Are you kidding? All Disney has to do is type in a couple of receiver numbers into their feed to authorize Dish C-Band receivers (the ones at the uplink center not user ones) to get the programming delivered to Dish. The contract would backdate all fees to the day the old contract expired. I bet within 10 minutes of the contract being singed Dish could be authorized to receive the channels. This not not something that is complicated at all on Disney's end, it is simply a list of eligible receiver's authorizations.
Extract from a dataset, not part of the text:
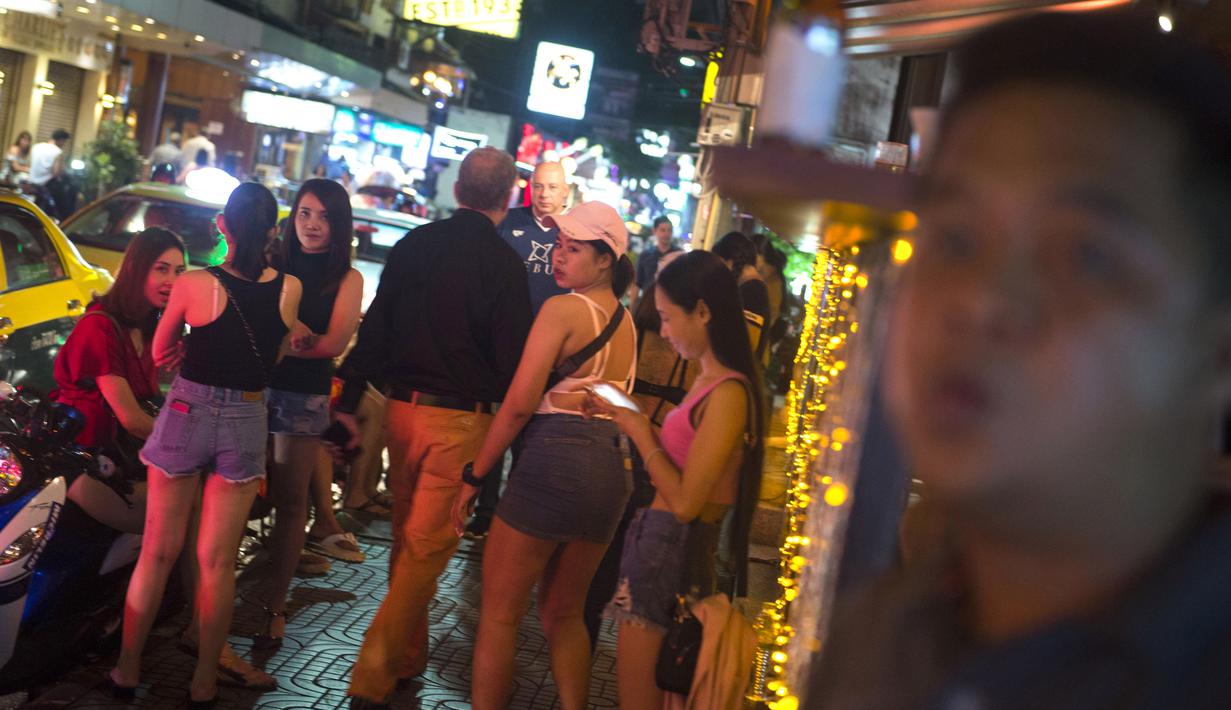 Foto pada 11 Oktober 2018 menunjukkan turis asing  berjalan melewati sekumpulan wanita di Nana Red Light Distrik, Bangkok, Thailand. Nana Red Light District memang dikenal sebagai kawasan hiburan malam terbesar di Bangkok. (Romeo GACAD / AFP)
Quite frankly if I would expect someone to be fired at Dish for being completely incompetent. The contract was probably in the final stages of being signed for months. They should have been making space since then. No, I do not expect Dish to do the uplink 20 minutes after signing, but in the first week it should have been doable. It is a lot of work on Dish's end.
Disney would have demanded that all agreed upon fees go back to the expiration of the old contract or they would have cut off programming the day the programming expired. The only way these negotiations work is if Dish agrees that they will pay the new rates backdated until negotiations either success or fail and Disney agrees to keep providing the feeds during contract negotiations.
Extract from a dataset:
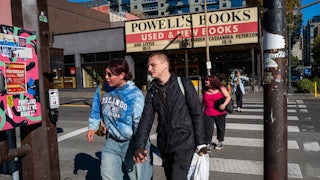 People walk through the downtown section of Portland, Oregon.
I just did a scan of "the list", and transponder 17 on 110 is completely empty on WA, and EA has a handful of empty transponders. So unless 17 is going to be used for something else, there is room on WA to add 8 or 9 HD channels right there. Plus I am sure there are other transponders that they can add 1 or 2 HD channels to round out all the channels covered in the contract. My feeling is that the HD channels will be lit up once the hopper has a software update for the 3 days PTAT delay or the mechanism is in place for the 3 day delay to work properly.